* [Task prompt]: Nothing but an exact copy is asked for: the lines in the material below from the one with "FOCUS - SWEMEX" through the one with "CINGHIA HUTCHINSON 1200 H9", pictures excluded.

* [Excerpted records]:
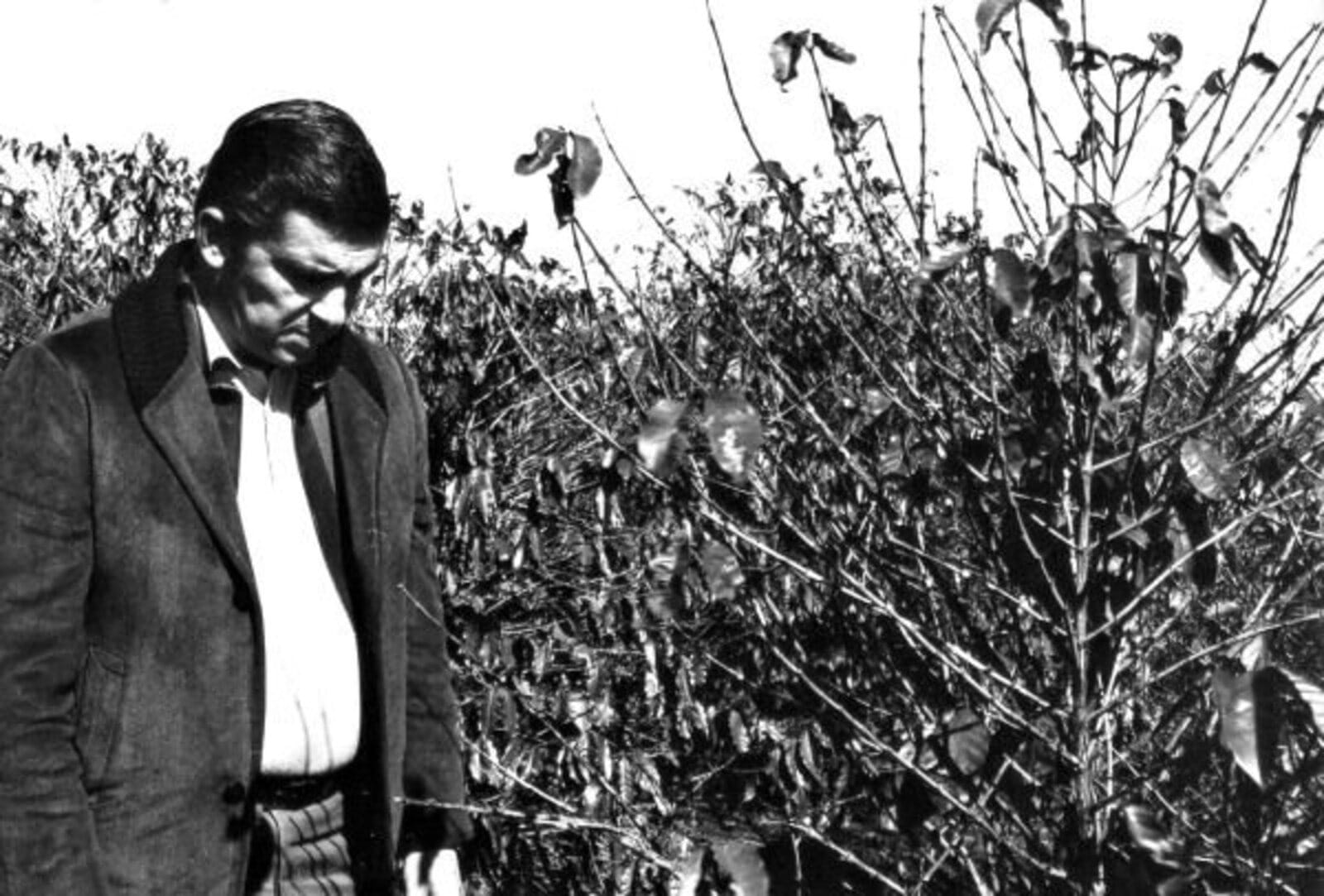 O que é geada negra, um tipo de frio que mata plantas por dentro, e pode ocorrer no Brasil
* * *
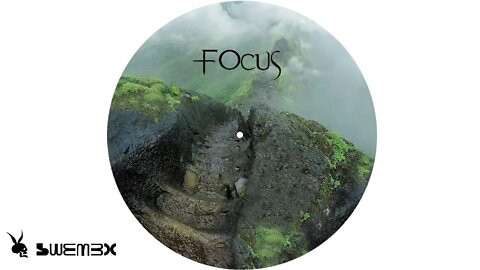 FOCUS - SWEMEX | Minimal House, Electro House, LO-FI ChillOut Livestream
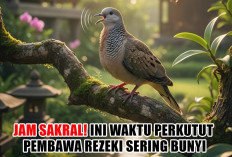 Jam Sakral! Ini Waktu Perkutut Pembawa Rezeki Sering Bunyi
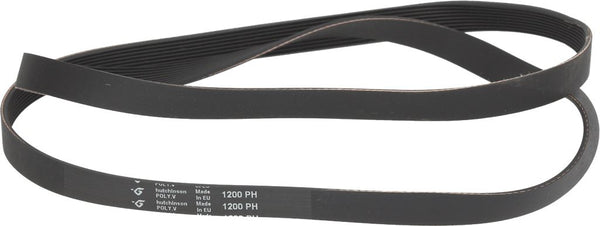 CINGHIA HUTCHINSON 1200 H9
--
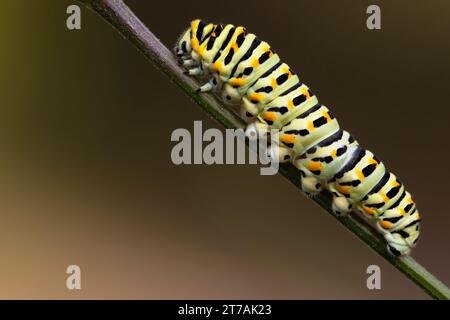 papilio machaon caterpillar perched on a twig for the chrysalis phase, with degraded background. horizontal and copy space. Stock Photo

* [Written response]:
 FOCUS - SWEMEX | Minimal House, Electro House, LO-FI ChillOut Livestream
 Jam Sakral! Ini Waktu Perkutut Pembawa Rezeki Sering Bunyi
 CINGHIA HUTCHINSON 1200 H9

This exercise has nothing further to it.